Holy smokes, Palo Alto has a LOT of Teslas! Like 3 Teslas parked outside a 600 sqft. house? How can they afford so many Teslas in such a ramshackle town? Here in Alameda, we have a LOT of MUCH bigger houses, but there is like one Tesla on every street. Palo Alto there is one Tesla on EVERY BLOCK (if you average). Crieky!

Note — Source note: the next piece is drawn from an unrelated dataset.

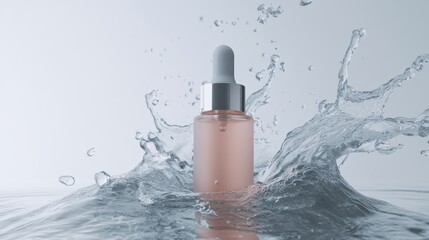 Poster - A blush-colored matte glass dropper bottle mid-splash, surrounded by clear water droplets, highlights ideal visuals for skincare branding in soft natural light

Uh.... Not sure if you're joking or what because your profile indicates that you're from the Bay Area... but Palo Alto is not a "ramshackle town." Crappy houses start at close to $2M and most decent places are $5M+. Palo Alto is pretty much the heart of mid-peninsula, which is Tesla's home-turf. Remember Tesla was founded in San Carlos before HQ was moved to Palo Alto (I still haven't come to terms with the Austin move). Menlo Park was among the first two Tesla stores. Funding for Tesla came from VC's on Sand Hill Road. Elon crashed his McLaren F1 on Sand Hill Road. I saw my first Roadster in 2009 on Sand Hill Road when I used to work there. My first sighting of a Model S was at work at SLAC in summer 2012. My first in-the-wild sighting was in Palo Alto by University in summer 2012. I ordered my Model S in 2012, but my neighbors got theirs even before me. I would say it's close to an average of 1.5 Teslas per household here. Before the Model 3, you would rarely see any Model S/X anywhere in the East Bay, South Bay, or even SF... but they would be plentiful on the Peninsula.
 
Uh, precise isn’t the word i would use.
Last time I checked 2M was an amount "north of" (Merriam-Webster defines as "greater than") 1M and less than "double digit millions" (m-w again defines "a number or percentage that is 10 or greater", although I would suggest the addition of less than 100).

Seems pretty precise to me.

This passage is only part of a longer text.